> _To do_
Make an exact copy of the lines from the one holding "47 Shepherd Drive Bangor ME 04401" through the end of the entries below, both ends kept, and of nothing else. Exclude pictures.

[Image-caption web data]
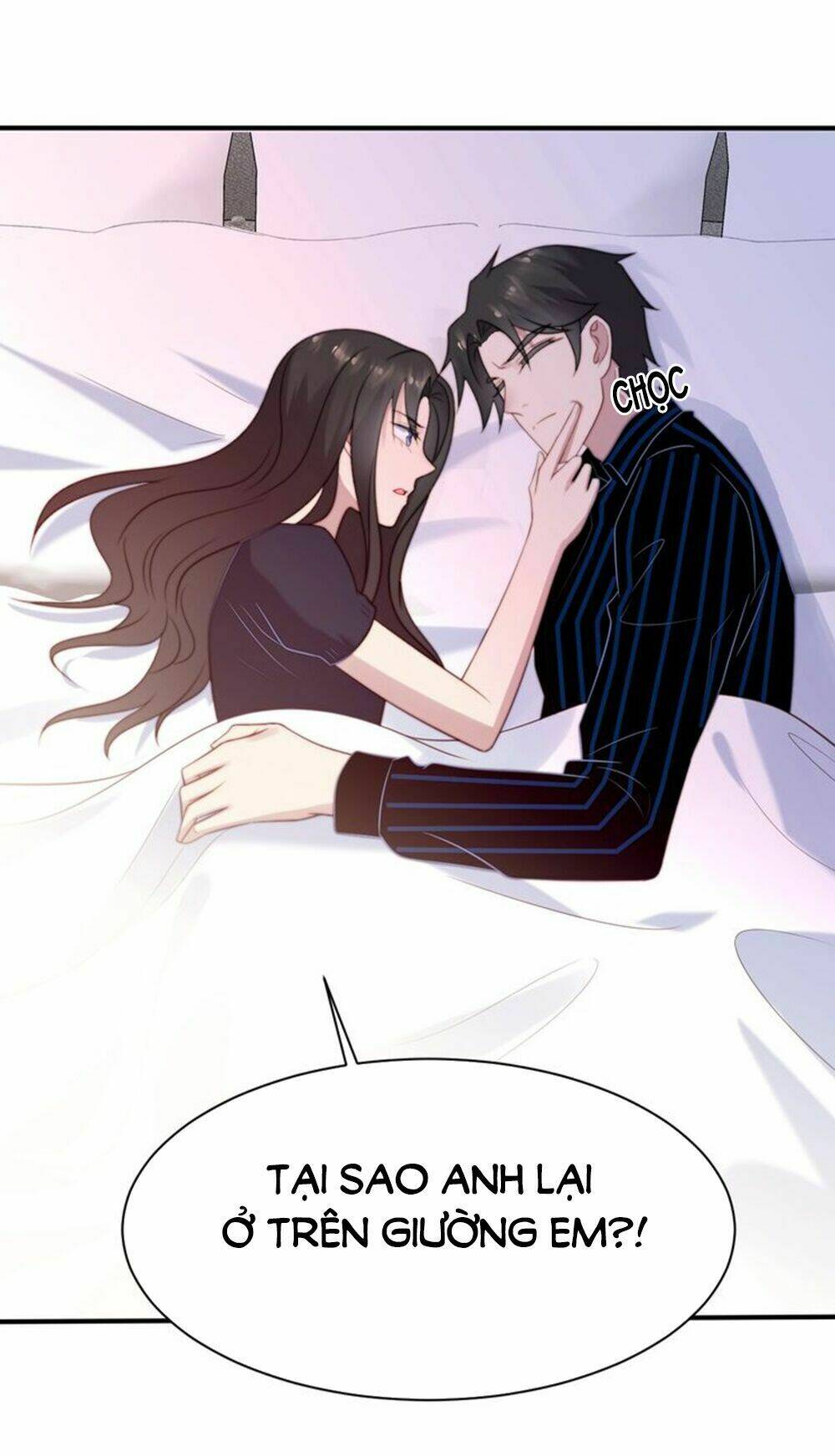 Chương 57 - Trang 48
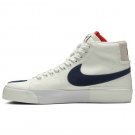 Nike SB Blazer Mid Edge Hack Pack White CI3833-100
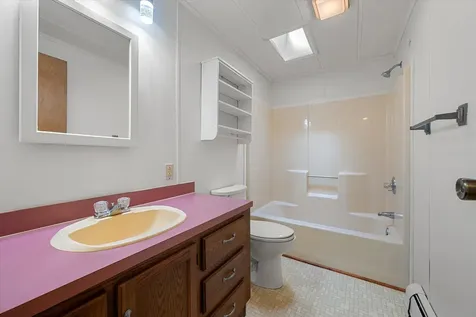 47 Shepherd Drive Bangor ME 04401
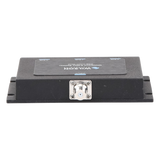 850-035 - Wilsonpro / Weboost Divisor de Potencia RF / 3 Vías / 75 Ohm 850-035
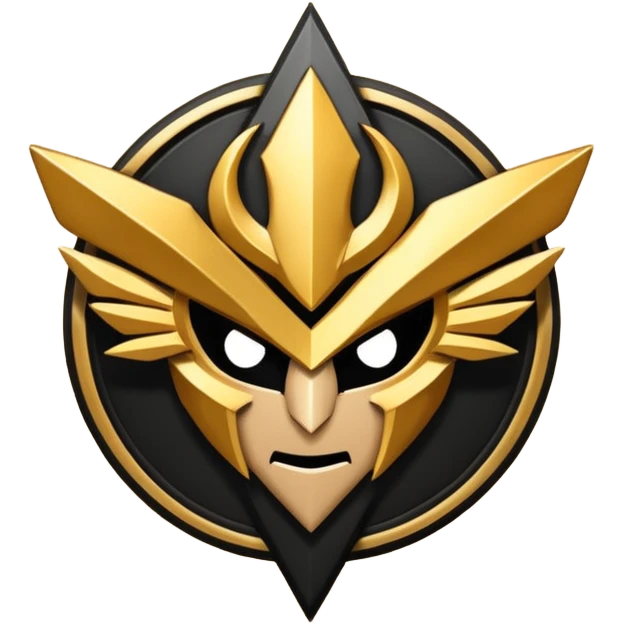 blitz team logo emoji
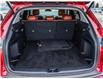2023 Mazda CX-50 GT (Stk: M1568) in Ottawa - Image 20 of 30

> _Answer section_
 47 Shepherd Drive Bangor ME 04401
 850-035 - Wilsonpro / Weboost Divisor de Potencia RF / 3 Vías / 75 Ohm 850-035
 blitz team logo emoji
2023 Mazda CX-50 GT (Stk: M1568) in Ottawa - Image 20 of 30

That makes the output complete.